Would you copy the lines below exactly and omit the images?

Start of INFORMATION GIVEN

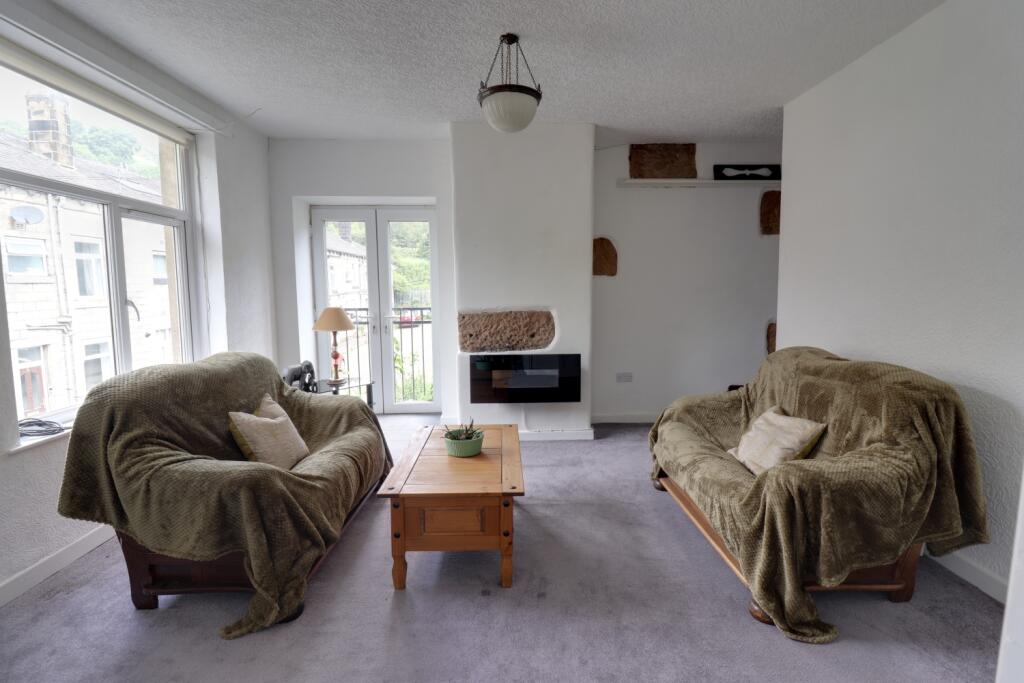 Double bedroom 2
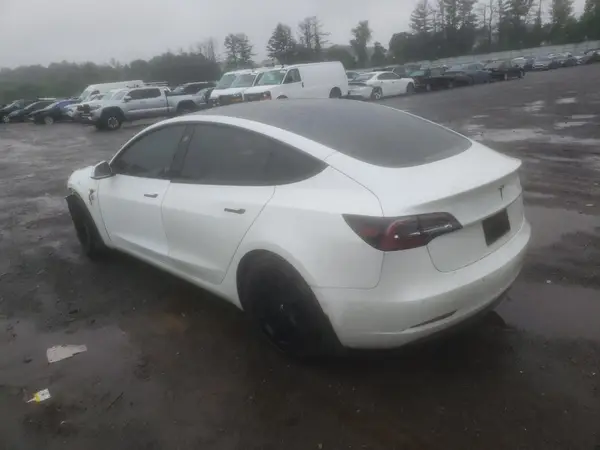 5YJ3E1EB9MF862526 2021 TESLA MODEL 3 - Image 2
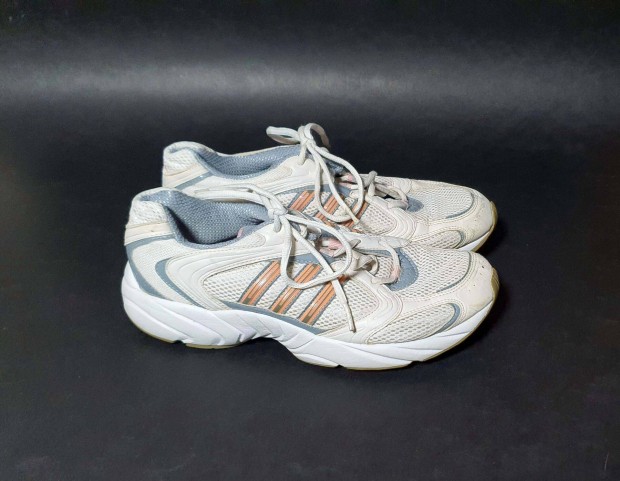 Adidas, 42-es sportcip nagyon j llapotban elad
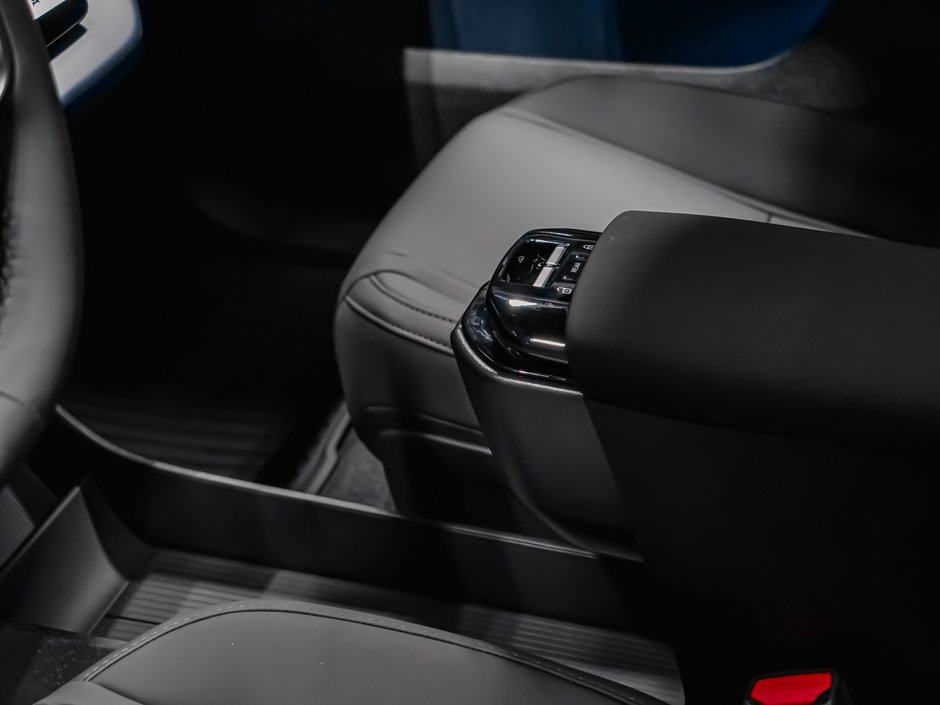 Volvo EX30 Cross Country Ultra 2026-29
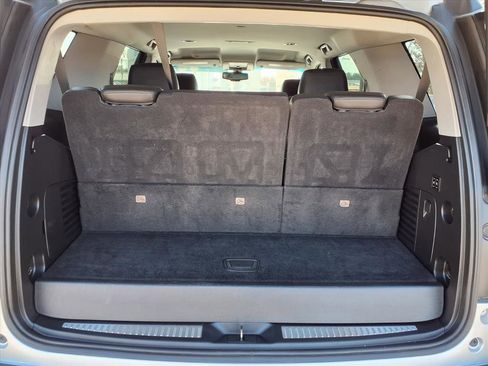 Used 2020 Cadillac Escalade 2WD image 10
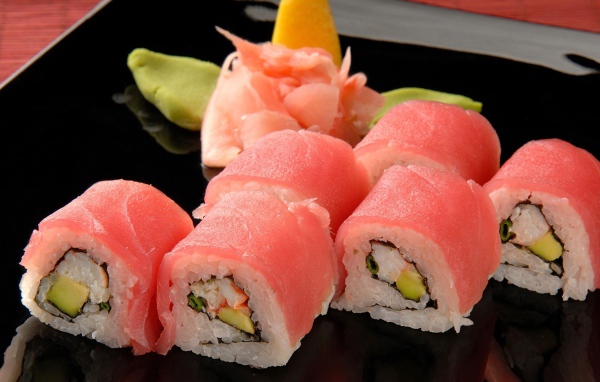 Суши роллы с розовой рыбой
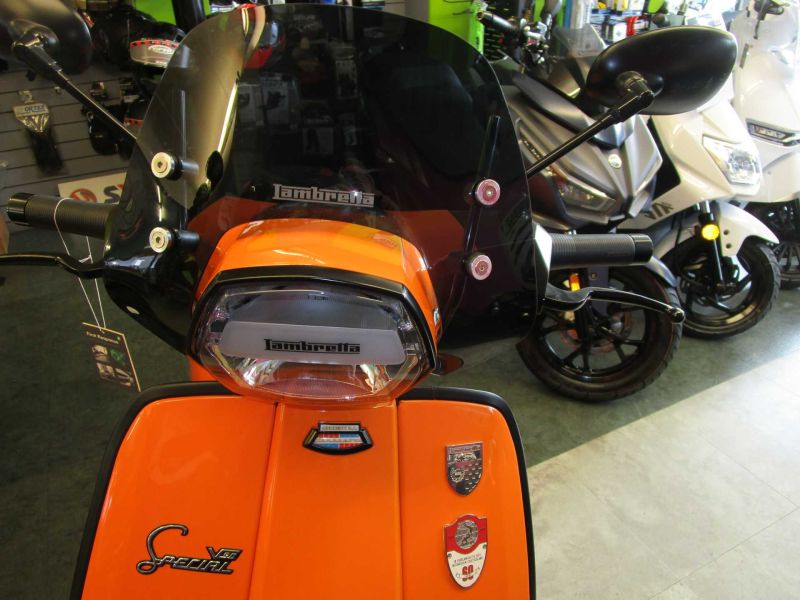 2025 LAMBRETTA V-50 SPECIAL ORANGE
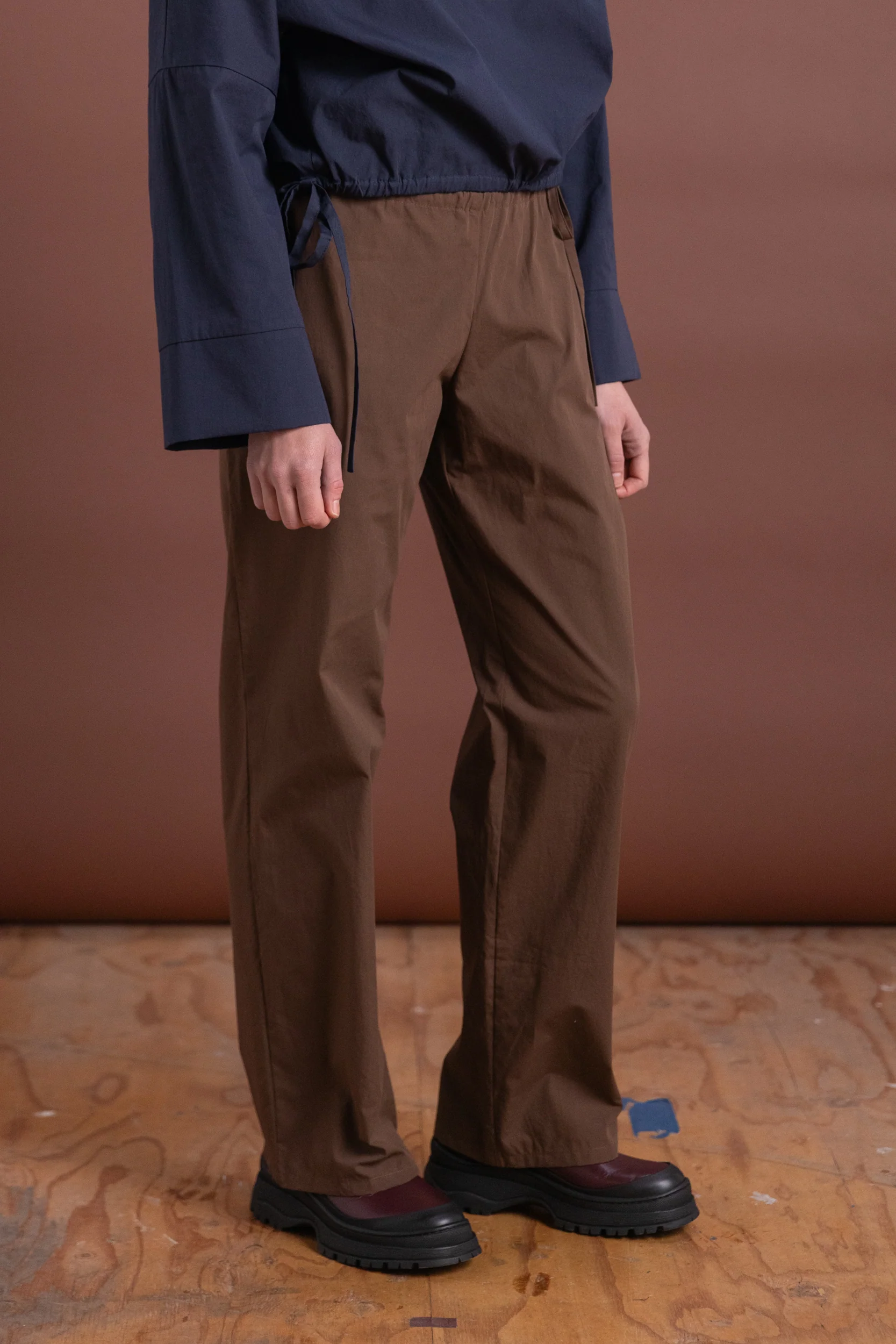 TIE PANTS IN CHOCOLATE COTTON POPLIN - Image 2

End of INFORMATION GIVEN

◆ **ANSWER TO THE EXERCISE**
 Double bedroom 2
 5YJ3E1EB9MF862526 2021 TESLA MODEL 3 - Image 2
 Adidas, 42-es sportcip nagyon j llapotban elad
 Volvo EX30 Cross Country Ultra 2026-29
 Used 2020 Cadillac Escalade 2WD image 10
 Суши роллы с розовой рыбой
 2025 LAMBRETTA V-50 SPECIAL ORANGE
 TIE PANTS IN CHOCOLATE COTTON POPLIN - Image 2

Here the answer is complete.